Instant messaging attacks rise in 2005

MSN and AOL's IM networks experienced a sharp increase in security incidents in 2005

Security attacks over instant-messaging (IM) networks became more prevalent in 2005, according to a study published on Monday.

The MSN network experienced the largest number of IM security incidents in both 2004 and 2005, while year-on-year incident growth rates were largest on AOL's AIM network, according to the report, from IM security vendor FaceTime Communications.

In 2005, MSN had a 57 percent share of the attacks, AOL had 37 percent, and Yahoo had 6 percent, FaceTime said in its IMpact report: Analysis of IM & P2P Threats in 2005.

While the incidence rate of attacks over IM is still low compared with email-borne attacks, the rate is increasing rapidly. There were 778 incidents recorded in the fourth quarter of last year compared with 59 in the first quarter, according to the report.

"IM threats are extremely challenging for corporate IT staff because they utilise real-time communications channels and proven social engineering techniques over worldwide IM networks to propagate significantly faster than email-based attacks," FaceTime said in a statement.

Worms and rootkits were at the heart of the main incidents in 2005, according to Chris Boyd, security research manager of FaceTime, who also warned of the growing danger of cross-network attacks.
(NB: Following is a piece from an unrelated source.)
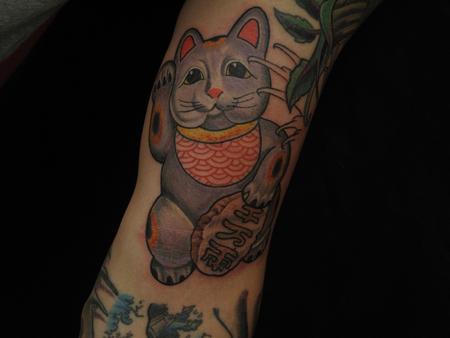 lucky cat by Robert Hendrickson : Tattoos lucky cat by Robert Hendrickson : Tattoos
"Hacker groups are getting more sophisticated, and are beginning to attack across multiple networks. In 2004 AOL experienced the most attacks, but in 2005 there were more crossovers from AOL to the MSN network, as MSN became more popular with users," said Boyd. "There's some really nasty stuff coming through the AOL network, and it's AOL that's being used as a jump off for other networks."

FaceTime explained that exploits can jump networks through IM "consolidation" applications, such as Trillian or Gaim, that let users combine contacts on multiple IM networks in one list.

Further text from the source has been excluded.